■ AIM OF THE EXERCISE: Write out every entry below word for word, leaving nothing out.

■ DATA UNDER STUDY:
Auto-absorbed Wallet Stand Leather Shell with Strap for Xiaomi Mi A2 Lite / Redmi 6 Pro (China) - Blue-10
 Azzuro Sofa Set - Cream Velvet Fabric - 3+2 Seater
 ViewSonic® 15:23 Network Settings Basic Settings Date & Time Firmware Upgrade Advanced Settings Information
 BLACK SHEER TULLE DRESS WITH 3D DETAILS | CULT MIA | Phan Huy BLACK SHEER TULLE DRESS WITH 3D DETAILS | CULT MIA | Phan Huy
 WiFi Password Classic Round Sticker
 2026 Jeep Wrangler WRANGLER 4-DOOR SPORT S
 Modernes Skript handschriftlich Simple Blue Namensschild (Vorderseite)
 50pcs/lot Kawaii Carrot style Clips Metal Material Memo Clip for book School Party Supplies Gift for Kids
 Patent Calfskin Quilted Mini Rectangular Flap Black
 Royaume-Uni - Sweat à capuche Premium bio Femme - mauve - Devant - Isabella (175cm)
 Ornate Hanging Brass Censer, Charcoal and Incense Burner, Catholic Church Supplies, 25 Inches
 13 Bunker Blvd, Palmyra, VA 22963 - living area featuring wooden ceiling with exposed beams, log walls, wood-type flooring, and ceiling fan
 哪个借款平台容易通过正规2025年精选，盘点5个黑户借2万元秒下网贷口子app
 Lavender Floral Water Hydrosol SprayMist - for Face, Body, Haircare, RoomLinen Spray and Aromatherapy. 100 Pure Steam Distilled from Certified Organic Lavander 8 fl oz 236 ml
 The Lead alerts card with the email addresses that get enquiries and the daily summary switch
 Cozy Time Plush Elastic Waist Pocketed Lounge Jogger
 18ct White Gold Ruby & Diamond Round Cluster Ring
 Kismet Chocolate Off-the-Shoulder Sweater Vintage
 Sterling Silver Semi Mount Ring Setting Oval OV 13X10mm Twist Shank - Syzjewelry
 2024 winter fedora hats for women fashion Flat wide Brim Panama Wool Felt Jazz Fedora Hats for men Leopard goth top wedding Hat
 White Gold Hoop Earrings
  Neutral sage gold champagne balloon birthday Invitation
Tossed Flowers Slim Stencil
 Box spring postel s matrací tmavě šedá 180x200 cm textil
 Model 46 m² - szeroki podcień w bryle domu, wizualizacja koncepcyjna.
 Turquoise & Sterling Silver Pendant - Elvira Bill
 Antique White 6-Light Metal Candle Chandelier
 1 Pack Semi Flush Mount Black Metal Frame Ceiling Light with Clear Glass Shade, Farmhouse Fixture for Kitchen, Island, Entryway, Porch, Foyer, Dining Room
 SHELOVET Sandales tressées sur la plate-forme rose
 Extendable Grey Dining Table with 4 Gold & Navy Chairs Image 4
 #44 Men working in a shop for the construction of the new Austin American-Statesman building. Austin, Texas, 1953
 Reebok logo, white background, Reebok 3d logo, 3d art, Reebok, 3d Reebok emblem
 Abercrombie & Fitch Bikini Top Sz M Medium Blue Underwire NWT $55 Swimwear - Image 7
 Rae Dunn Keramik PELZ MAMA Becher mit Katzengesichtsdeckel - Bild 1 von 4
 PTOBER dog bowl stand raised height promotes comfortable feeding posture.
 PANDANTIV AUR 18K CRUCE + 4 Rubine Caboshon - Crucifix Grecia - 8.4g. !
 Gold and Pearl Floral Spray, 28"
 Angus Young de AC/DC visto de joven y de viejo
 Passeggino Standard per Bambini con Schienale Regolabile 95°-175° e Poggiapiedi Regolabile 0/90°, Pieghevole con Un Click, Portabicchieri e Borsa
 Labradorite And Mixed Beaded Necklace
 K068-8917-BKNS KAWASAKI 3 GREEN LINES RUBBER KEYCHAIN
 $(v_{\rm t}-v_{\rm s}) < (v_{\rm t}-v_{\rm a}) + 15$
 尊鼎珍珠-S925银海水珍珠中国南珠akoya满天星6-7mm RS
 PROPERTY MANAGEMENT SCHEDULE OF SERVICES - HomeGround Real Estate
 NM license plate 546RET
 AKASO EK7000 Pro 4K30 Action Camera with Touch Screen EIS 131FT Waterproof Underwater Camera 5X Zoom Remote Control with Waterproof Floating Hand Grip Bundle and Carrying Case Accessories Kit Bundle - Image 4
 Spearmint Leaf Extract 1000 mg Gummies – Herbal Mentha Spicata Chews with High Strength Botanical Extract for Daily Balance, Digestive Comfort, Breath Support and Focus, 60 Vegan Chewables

■ SOLUTION FOR THIS EXERCISE:
Auto-absorbed Wallet Stand Leather Shell with Strap for Xiaomi Mi A2 Lite / Redmi 6 Pro (China) - Blue-10
 Azzuro Sofa Set - Cream Velvet Fabric - 3+2 Seater
 ViewSonic® 15:23 Network Settings Basic Settings Date & Time Firmware Upgrade Advanced Settings Information
 BLACK SHEER TULLE DRESS WITH 3D DETAILS | CULT MIA | Phan Huy BLACK SHEER TULLE DRESS WITH 3D DETAILS | CULT MIA | Phan Huy
 WiFi Password Classic Round Sticker
 2026 Jeep Wrangler WRANGLER 4-DOOR SPORT S
 Modernes Skript handschriftlich Simple Blue Namensschild (Vorderseite)
 50pcs/lot Kawaii Carrot style Clips Metal Material Memo Clip for book School Party Supplies Gift for Kids
 Patent Calfskin Quilted Mini Rectangular Flap Black
 Royaume-Uni - Sweat à capuche Premium bio Femme - mauve - Devant - Isabella (175cm)
 Ornate Hanging Brass Censer, Charcoal and Incense Burner, Catholic Church Supplies, 25 Inches
 13 Bunker Blvd, Palmyra, VA 22963 - living area featuring wooden ceiling with exposed beams, log walls, wood-type flooring, and ceiling fan
 哪个借款平台容易通过正规2025年精选，盘点5个黑户借2万元秒下网贷口子app
 Lavender Floral Water Hydrosol SprayMist - for Face, Body, Haircare, RoomLinen Spray and Aromatherapy. 100 Pure Steam Distilled from Certified Organic Lavander 8 fl oz 236 ml
 The Lead alerts card with the email addresses that get enquiries and the daily summary switch
 Cozy Time Plush Elastic Waist Pocketed Lounge Jogger
 18ct White Gold Ruby & Diamond Round Cluster Ring
 Kismet Chocolate Off-the-Shoulder Sweater Vintage
 Sterling Silver Semi Mount Ring Setting Oval OV 13X10mm Twist Shank - Syzjewelry
 2024 winter fedora hats for women fashion Flat wide Brim Panama Wool Felt Jazz Fedora Hats for men Leopard goth top wedding Hat
 White Gold Hoop Earrings
  Neutral sage gold champagne balloon birthday Invitation
Tossed Flowers Slim Stencil
 Box spring postel s matrací tmavě šedá 180x200 cm textil
 Model 46 m² - szeroki podcień w bryle domu, wizualizacja koncepcyjna.
 Turquoise & Sterling Silver Pendant - Elvira Bill
 Antique White 6-Light Metal Candle Chandelier
 1 Pack Semi Flush Mount Black Metal Frame Ceiling Light with Clear Glass Shade, Farmhouse Fixture for Kitchen, Island, Entryway, Porch, Foyer, Dining Room
 SHELOVET Sandales tressées sur la plate-forme rose
 Extendable Grey Dining Table with 4 Gold & Navy Chairs Image 4
 #44 Men working in a shop for the construction of the new Austin American-Statesman building. Austin, Texas, 1953
 Reebok logo, white background, Reebok 3d logo, 3d art, Reebok, 3d Reebok emblem
 Abercrombie & Fitch Bikini Top Sz M Medium Blue Underwire NWT $55 Swimwear - Image 7
 Rae Dunn Keramik PELZ MAMA Becher mit Katzengesichtsdeckel - Bild 1 von 4
 PTOBER dog bowl stand raised height promotes comfortable feeding posture.
 PANDANTIV AUR 18K CRUCE + 4 Rubine Caboshon - Crucifix Grecia - 8.4g. !
 Gold and Pearl Floral Spray, 28"
 Angus Young de AC/DC visto de joven y de viejo
 Passeggino Standard per Bambini con Schienale Regolabile 95°-175° e Poggiapiedi Regolabile 0/90°, Pieghevole con Un Click, Portabicchieri e Borsa
 Labradorite And Mixed Beaded Necklace
 K068-8917-BKNS KAWASAKI 3 GREEN LINES RUBBER KEYCHAIN
 $(v_{\rm t}-v_{\rm s}) < (v_{\rm t}-v_{\rm a}) + 15$
 尊鼎珍珠-S925银海水珍珠中国南珠akoya满天星6-7mm RS
 PROPERTY MANAGEMENT SCHEDULE OF SERVICES - HomeGround Real Estate
 NM license plate 546RET
 AKASO EK7000 Pro 4K30 Action Camera with Touch Screen EIS 131FT Waterproof Underwater Camera 5X Zoom Remote Control with Waterproof Floating Hand Grip Bundle and Carrying Case Accessories Kit Bundle - Image 4
 Spearmint Leaf Extract 1000 mg Gummies – Herbal Mentha Spicata Chews with High Strength Botanical Extract for Daily Balance, Digestive Comfort, Breath Support and Focus, 60 Vegan Chewables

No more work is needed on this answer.